Chrysler will begin sales of Chery's A1 hatchback in the U.S. in the first quarter of next year, Chery President Yin Tongyao told reporters. The 1.3-liter A1 costs as little as 53,800 yuan ($7,100) in China.

Tom LaSorda, president and CEO of Chrysler Group, speaks at the signing of a cooperative agreement with Chery Automobile in Beijing July 4, 2007. The first shipments of Chrysler cars built by China's Chery Automobile Co. could reach the U.S. or Europe within 30 months, Chrysler said on Wednesday, opening the door for Chery to be the first mainland auto maker to do so
Tom LaSorda, president and CEO of Chrysler Group, speaks at the signing of a cooperative agreement with Chery Automobile in Beijing July 4, 2007.[Reuters]
Chrysler's least expensive U.S. model is the $13,850 Dodge Caliber, according to Santa Monica, California- based, which tracks vehicle prices.

More than 70 percent of Chrysler's US sales come from light-trucks like its Jeeps and Ram trucks, a product skew that analysts have cited as a weakness at a time of high gas prices and expected tougher fuel economy regulations.

The Chery partnership is part of a Chrysler strategy to develop more models with less investment, Chrysler Chief Executive Officer Tom LaSorda said in the statement.

Chrysler plans to introduce 32 models from 2006 to 2010, an increase from 21 between 2000 and 2004, as five-year product spending during those spans fell from $41.9 billion to about $30 billion.

"It makes total sense for Chrysler to have a partnership with a Chinese automaker because that is where the growth is in the auto industry," said Rebecca Lindland, a forecaster for Global Insight Inc. in Lexington, Massachusetts. "It can be very unprofitable to develop new small-car platforms on your own. "

More than 90 percent of sales for Chrysler, which holds the Chrysler, Dodge and Jeep brands, are in North America and the No. 4 US automaker has targeted growth in Europe and Asia as a key sales priority.

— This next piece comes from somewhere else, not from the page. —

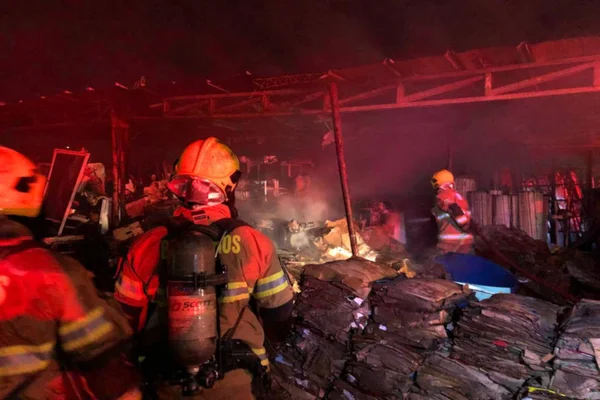 bombeiros em área de incêndio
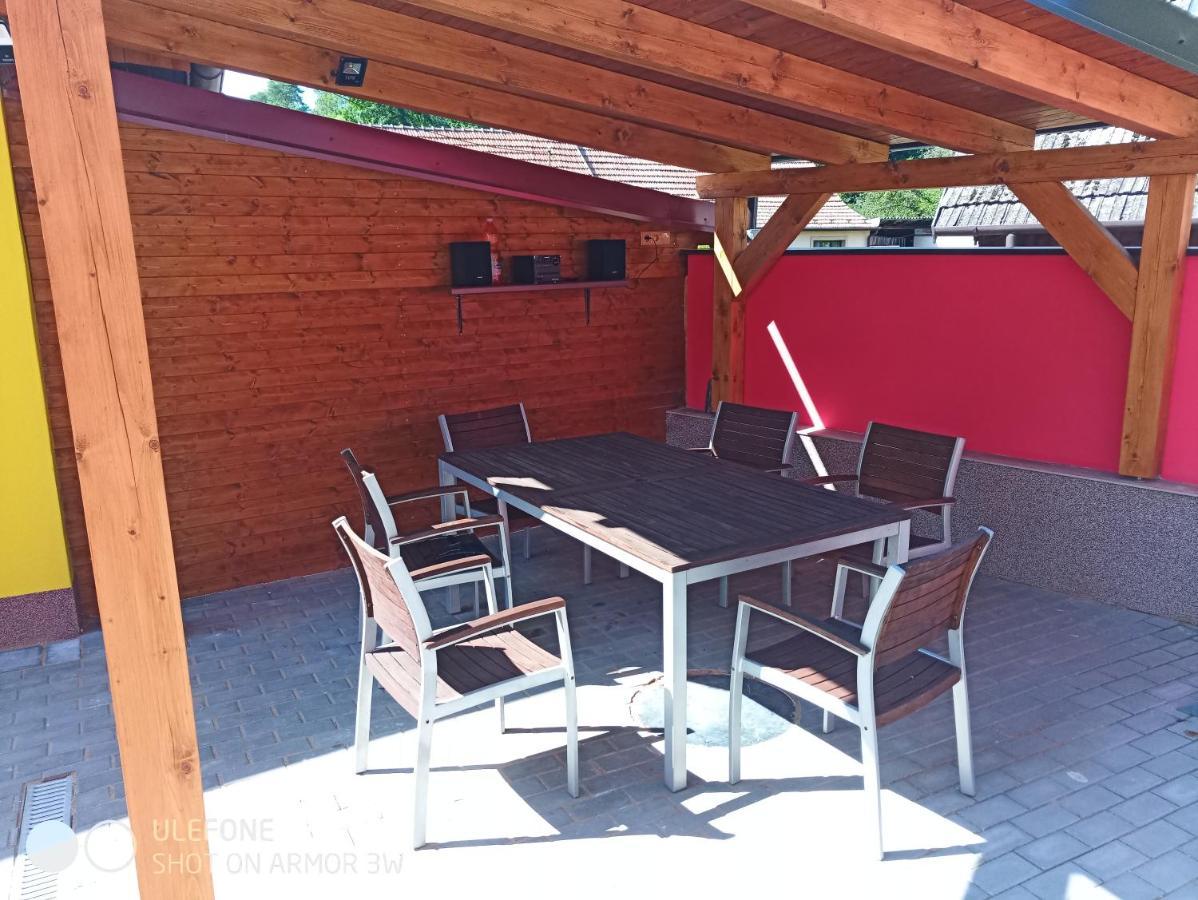 Pohoda Salas U Velehradu-2 Apartmany Uherske Hradiste Exterior photo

Chrysler and Chery signed a preliminary deal in December that was seen as a major advance toward China's goal of exporting from its fast-growing auto industry into developed markets, including the United States.

While many industry executives and analysts expect Chinese automakers to eventually compete aggressively in the US market, several early ventures aimed at exporting a Chinese-built vehicle to the United States have faltered or faced setbacks.

Analysts have also cautioned that the first wave of Chinese-built vehicles are likely to face skepticism from American consumers concerned about safety and quality.

Cerberus Capital Management LP is acquiring 80.1 percent of Chrysler from Daimler in a $7.4-billion deal expected to close this quarter.

Chery, China's first vehicle exporter, plans to increase sales 29 percent this year following a 60 percent increase last year, it said in January. The company sold about 305,000 vehicles, including 50,000 exports, in 2006.

In the first five months of this year, the Chinese automaker had 4.8 percent share of its home vehicle market, the world's second-largest behind the U.S.

The automaker has sold vehicles in more than 50 countries and regions, according to the statement. In November, it abandoned plans to export its own-brand vehicles to North America with Visionary Vehicles LLC.

Chinese automakers have begun to target overseas sales as increasing competition at home crimps profit. Carmakers' profit margins in the country averaged 3.1 percent last year, compared with 9 percent in 2003, according to calculations based on figures issued by the country's automakers association.

Chery currently exports vehicles to developing countries and has set a goal of selling 393,000 vehicles in 2007, up 29 percent from 2006.